La rétrogradation, humiliante et révoltante à leurs yeux, [...], n’affecte pas que les enseignants. Elle peut aussi toucher – chose rare toutefois– tel ou tel cadre de l’Éducation nationale. C’est le cas de l’un d’entre eux, africain [...], qui a préféré gardé l’anonymat et que nous nommerons Alfred.

À 55 ans, le parcours de cet enseignant de formation s’apparente à celui d’un bon serviteur de l’Éducation nationale. Instituteur, puis professeur d’histoire-géo pendant une quinzaine d’années, il est ensuite devenu CPE avant d’effectuer des remplacements comme principal adjoint, une fonction qu’il occupera pendant cinq ans des notes pouvant aller jusqu’à 20/20.

Lorsqu’il décide de passer le concours lui permettant d’obtenir officiellement le poste, sa candidature est appuyée par son recteur d’académie, qui lui dresse un rapport pour le moins élogieux. Loyal, disponible, sens du service public, bonne connaissance de la réglementation, ce sont les appréciations qui figurent en bas de son dossier.

Reçu au concours, Alfred entame à la rentrée 2006, confiant et serein, deux années de stage au sein d’un établissement de Seine-et-Marne afin d’être titularisé. C’est le début d’un véritable cauchemar…

«Quand j’ai réussi au concours, je me suis dit que le stage ne serait qu’une formalité et que je serais titularisé au bout des deux ans”, raconte-t-il. Mais dès la première année, et je dirais même dès le premier jour, ça été l’enfer.

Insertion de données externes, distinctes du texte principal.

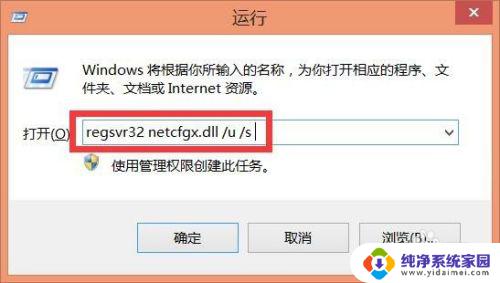 Win10禁止修改IP地址?这里有解决方法!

«Quand je suis arrivé dans le collège où j’avais été nommé, la principale m’a battu froid en disant qu’elle n’avait pas demandé de stagiaire. Elle m’a ignoré en me faisant poireauter pendant une heure dans son bureau. 

«J’ai croisé plus tard le cuisinier de l’établissement. C’était un Antillais. Il m’a dit que la principale s’était plainte qu’on lui ait envoyé un Noir et que j’allais débarquer avec toute ma marmaille dans le logement de fonction qui m’était attribué, et qu’occupait la CPE avec laquelle elle s’entendait bien.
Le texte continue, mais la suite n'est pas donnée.